-- Task directions --
Of all the lines in the entries below, give again exactly those starting at the line containing "Abercrombie Linen-blend Tailored" and ending at the line containing "Measuring Profitability Financial", both ends included, and no others.

-- Dataset --
--------------------

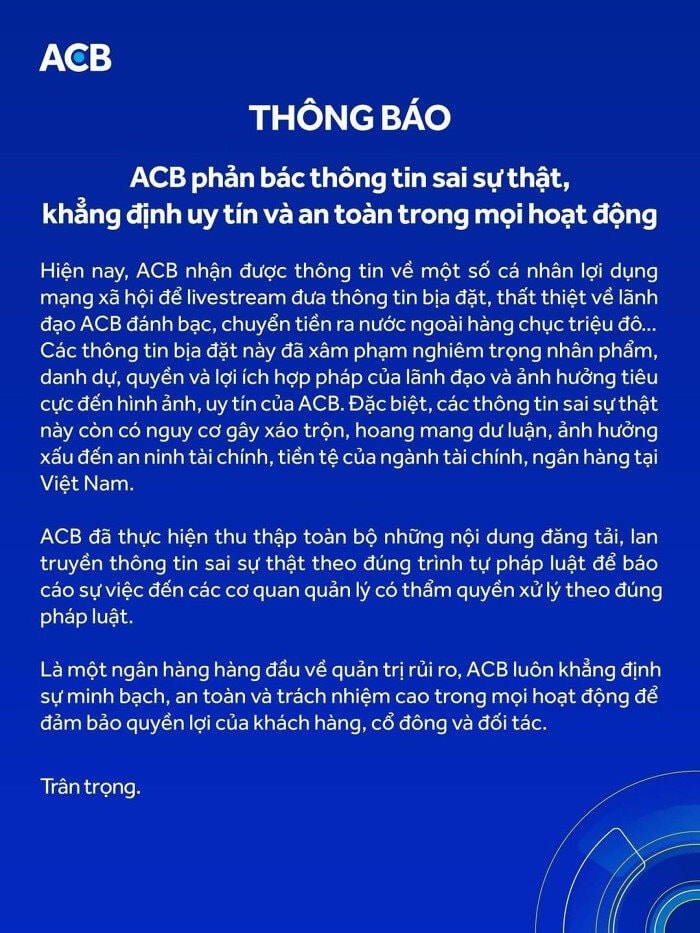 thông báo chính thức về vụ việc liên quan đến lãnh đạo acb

--------------------

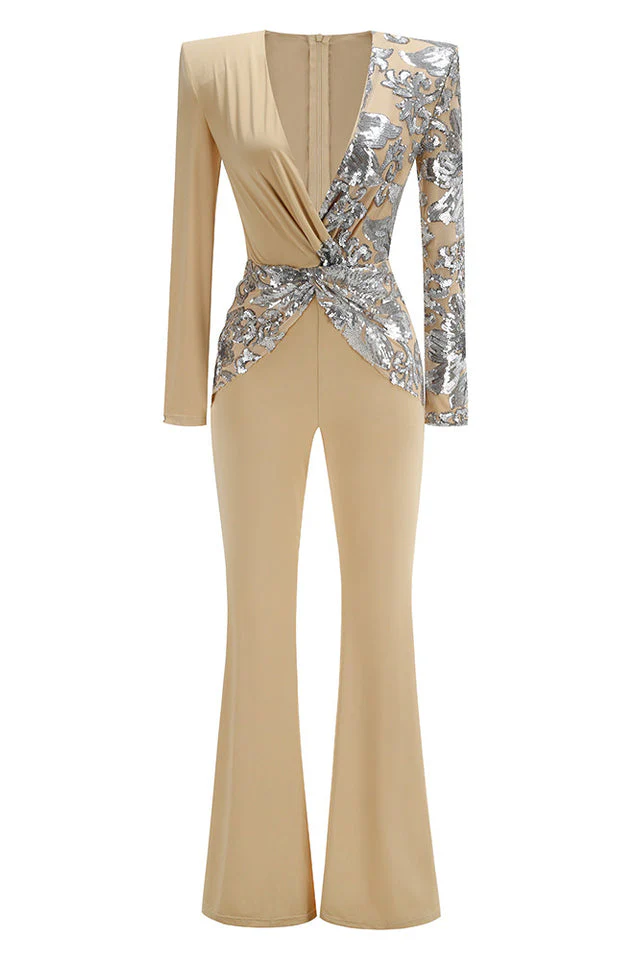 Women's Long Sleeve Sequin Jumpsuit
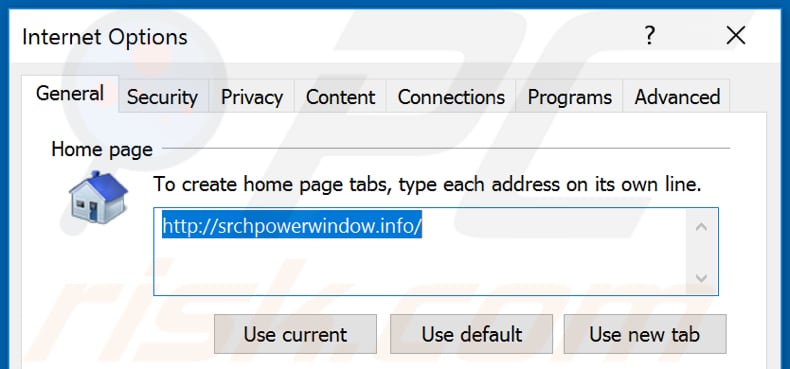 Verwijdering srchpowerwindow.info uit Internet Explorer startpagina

--------------------

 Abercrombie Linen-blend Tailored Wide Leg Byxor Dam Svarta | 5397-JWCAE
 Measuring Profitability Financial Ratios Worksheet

--------------------

-- Response area --
 Abercrombie Linen-blend Tailored Wide Leg Byxor Dam Svarta | 5397-JWCAE
 Measuring Profitability Financial Ratios Worksheet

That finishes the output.